Bütün bunlar yaşandı,
Devlet artık esirdi.
Hem de haçlı ordusuna!
Fakat kabul edilemezdi.
Ve edilmedi.

..

Bunlara karşılık;
Yurdun birçok yerinde Kuva-yı Milliye ve Müdafaa-i Hukuk Cemiyetleri Kurulmuştu,
19 Mayıs 1919 - 19 Vatan Evladının Samsun’a Çıkması,
22 Haziran 1919 Amasya Genelgesi - Milletin Birliği Kararları,
23 Temmuz 1919 Erzurum Kongresi - Bağımsız Milli Sınırlar Kararı,
4 Eylül 1919 Sivas Kongresi - “Anadolu ve Rumeli Müdafaa-i Hukuk Cemiyeti” Kuruldu, Türk Milleti Bütün İdi,
Gereği yapılacaktı.
Türk bayrağı bayrak olalı hiçbir gün yere düşmemişti.
Ve
Gereği yapıldı…
27 Aralık 1919 Ankara’ya Geliş,
23 Nisan 1920 Türkiye Büyük Millet Meclisi’nin Dualarla Açılışı…
Bu Meclis tarihe Gazi Meclis adıyla geçti.
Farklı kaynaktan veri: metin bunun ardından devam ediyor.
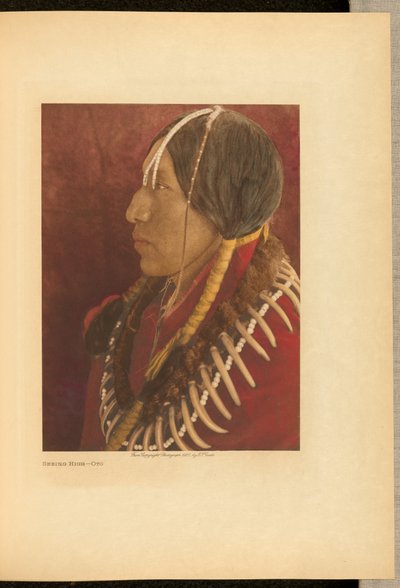 Vedere alto - Oto da Edward S. Curtis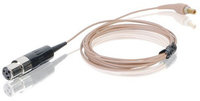 Countryman H6CABLETSR H6 Mic Cable with 3.5mm Locking Connector for Sennheiser, Tan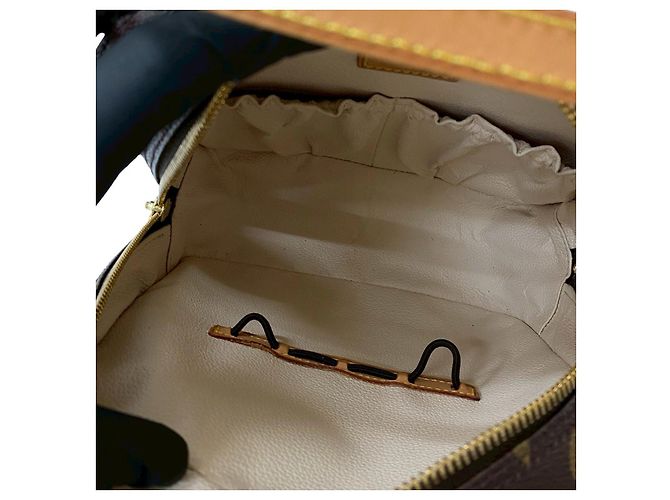 Borsa 2way Louis Vuitton Spontini Monogram Marrone - vista 9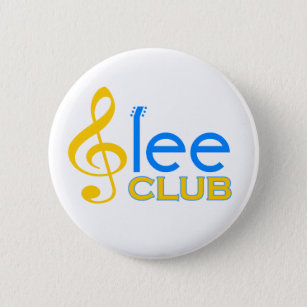 Glee Club Pinback Button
Çünkü dünya tarihinde milletin, milletin meclisinin ve milletin ordusunun birlikte “Bağımsızlık ve İstiklal Savaşı” yürüten ve zafere ulaşan tek meclis işte bu meclistir. Başka örneği de yoktur.
Türk Milleti’nin önünde Başbuğ Mustafa Kemal Atatürk vardı.
Şunları söylüyordu Türk’ün lideri:
“Temel ilke, Türk milletinin haysiyetli ve şerefli bir millet olarak yaşamasıdır. Bu ilke, ancak tam istiklale sahip olmakla gerçekleşebilir. Ne kadar zengin ve bolluk içinde olursa olsun, istiklalden yoksun bir millet, medeni insanlık dünyası karşısında uşak olmak mevkiinden yüksek bir muameleye layık görülemez... Türk’ün haysiyeti, gururu ve kabiliyeti çok yüksek ve büyüktür. Böyle bir millet esir yaşamaktansa yok olsun daha iyidir.
O hâlde ya istiklal ya ölüm!” (1919).

..

Değerli okurlarım, bugün geçici bir hastalık salgını korkusuyla kendimizi esir hissediyoruz. Ya yurdun her yeri bir yabancının, İstanbul İngiliz’in, Trabzon Yunan’ın…elinde olsaydı bu topraklarda kaç kişi canlı kalırdı, kalanların adı ne olurdu, dinleri ne olurdu?
Bunları evlatlarımıza çok iyi öğretmek zorundayız, mesleklerinden bile daha öncelikle.
Allah iyi niyetle fedakârca arayana ve hak edene verir, tek başına duanın ne anlamı olabilir ki?
23 Nisan Milli Egemenlik ve Çocuk Bayramımız Kutlu Olsun.
İki kulu olayı birden yaşıyoruz. Hepimize Ramazan-ı Şerif Hayırlı Olsun.
Ne Mutlu Türküm Diyene.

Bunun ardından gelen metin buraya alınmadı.